O resultado de cada país retrata, naturalmente, seu momento social, econômico e político, mas seguem muitas tendências globais, dentre elas o protagonismo da internet como fonte de informação, a preocupação crescente com a segurança de dados pessoais, a expectativa por qualidade e conveniência, e experiências mais intuitivas e personalizadas.
Outro aspecto pesquisado foi a confiança nas instituições, que atinge 47%. As menos confiáveis são organizações governamentais e as de propaganda – 37% e 26%, respectivamente. Essa última poderia também ser explicada por uma sociedade cada vez mais letrada na disciplina, que nunca desconfiou tanto da comunicação publicitária. Bancos e empresas de saúde gozam o mais alto nível de confiança, ainda que não seja tão alto assim (aproximadamente 60%). No Brasil, saímos fora da curva, abaixo da média, em instituições governamentais, energia e serviços de utilidade pública. Fácil de entender. E confiamos mais nas empresas de tecnologia que os demais países, talvez porque façamos muito uso delas.

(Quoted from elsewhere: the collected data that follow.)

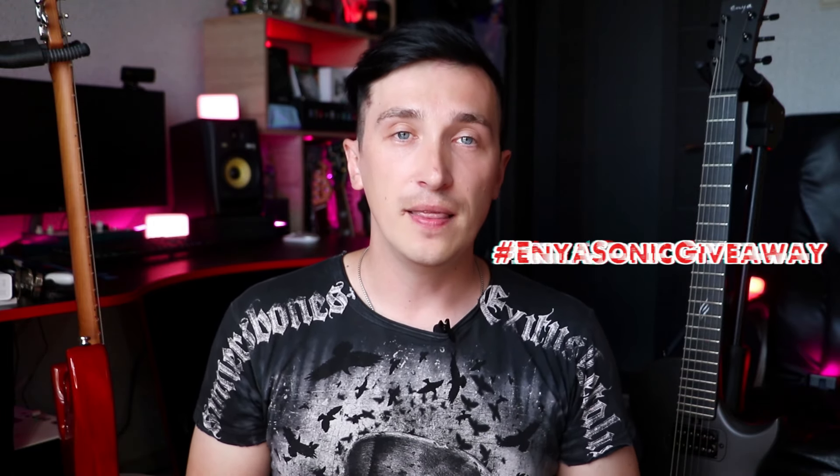So, let's move on to the conditions of the giveaway. Firstly, you must be subscribed to both my and Enya Music YouTube channels. After that, write a comment under this video about what was the first song you learned on the electric guitar. Then share this video on your social networks with the hashtag EnyaSonicGiveaway. That's it! That's how easy it is to get a new Enya guitar. You can also find out more about the conditions of this giveaway in the description of this video.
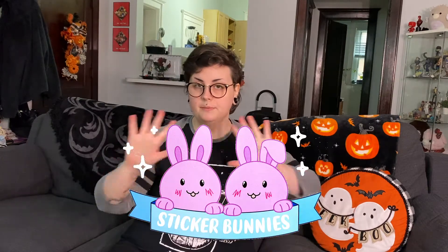Hi everybody! Today I'm going to be unboxing and reviewing an order of custom stickers that I just got from Sticker Bunnies. Sticker Bunnies is an artist-run small business that specializes in making beautiful custom stickers in a variety of different finishes and special effects, all at a very reasonable price and with no minimum order requirements, which is always a huge plus.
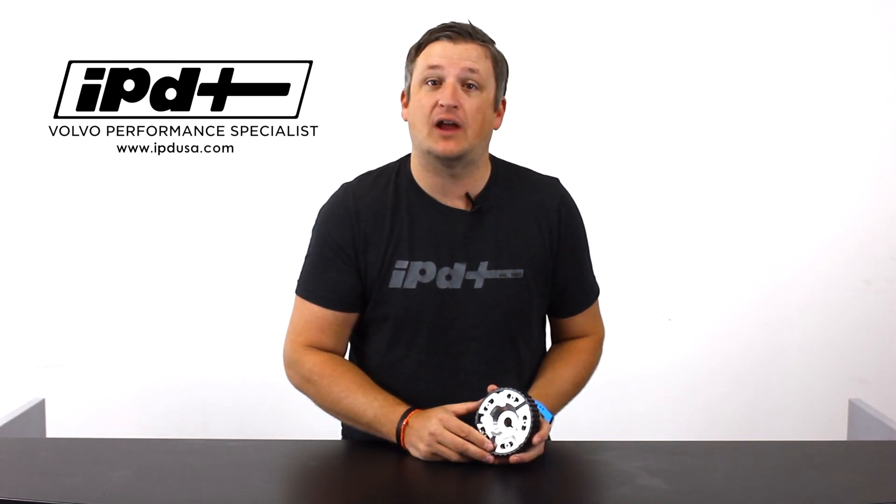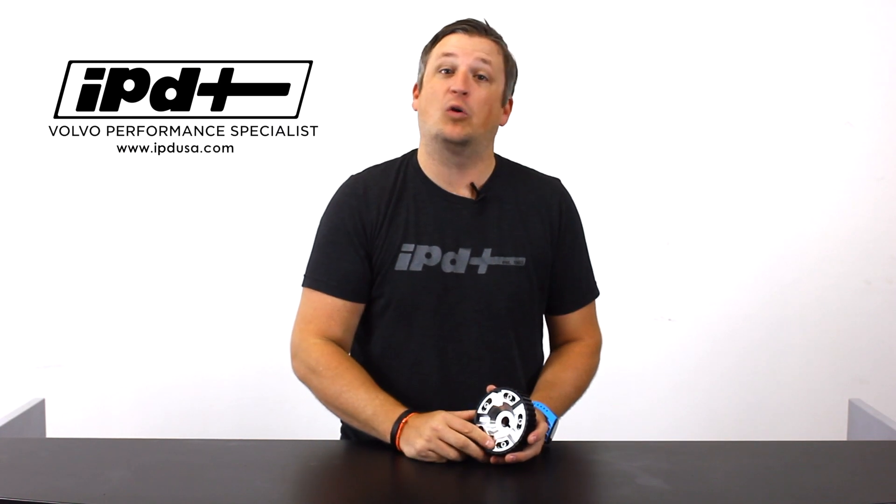Hey everybody, Chris here from IPD. In this video I'm going to be talking about a product that's a blast from the past that is new but not really new. We're going to talk about how we can help you manage the power from your RedBlock engine, which is 240, 740, and 940 models in this segment. If you haven't subscribed to us before, make sure and like us and subscribe below, or check us out on our social media channels like Facebook, Twitter, and Instagram.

E, resultado dos nossos últimos anos complicados, desenvolvemos uma cultura de barganha, passamos por um down trade, procurando produtos com melhor custo-benefício. Com isso, baixamos nosso padrão de consumo. Também reportamos o mais alto nível de preocupação com a aposentadoria (em termos financeiros). E vemos como principal indulgência na vida, a boa comida, o que é bastante frugal.
Outra perspectiva interessante da apresentação tratou da nova demografia etária do planeta e suas peculiaridades em termos de motivação, atenção, conexão, uso do tempo e gastos. Apesar de os Boomers (pessoas nascidas entre anos 40 e meados dos anos 60) terem acumulado muita riqueza, é a geração seguinte, a X, que deve herdá-la e gastá-la. Estima-se que um trilhão de dólares. Geralmente negligenciada pelas estratégias de marketing, é apelidada de geração-sanduíche ou geração-esquecida. A primeira a cuidar de seus pais e de seus filhos simultaneamente, sofre mais pressões por recursos e tempo. Apesar de terem nascidos antes da internet, são bastante digitalizados. Produtos e serviços devem refletir essa realidade.
Dentro da mesma casa que vive um “X”, há uma grande chance de viver um Millennial (nascido entre 1980 e 1999) e um “Z” (nascido depois de 2000). As nativas digitais cresceram na era da explosão das tecnologias de computação e de comunicação. Para a “Z” tudo ocorre, porém, numa dimensão e velocidade mais acentuadas. Se os Millennials queriam conhecer todas as possibilidades digitais, a geração “Z” chegou para fazer a curadoria, criar, projetar e mixar todas as mídias, conteúdos e experiências. Com baixíssima concentração, demandam que sejam seduzidos em segundos, ou outro estímulo vai atraí-los rapidamente.
Nessa casa hipotética, todos seguem se influenciando mutuamente, diariamente.
Não é fácil para a liderança das organizações capturar as necessidades destes grupos. Especialmente porque, como eu, muitos são da geração X, os imigrantes digitais. Para além das pesquisas e consultorias, que contribuem muito, aqueles que convivem de perto com as três outras gerações que habitam o planeta devem ter maior chance de sucesso.
(*) Cecília Andreucci é conselheira de administração, mercadologista e doutora em comunicação.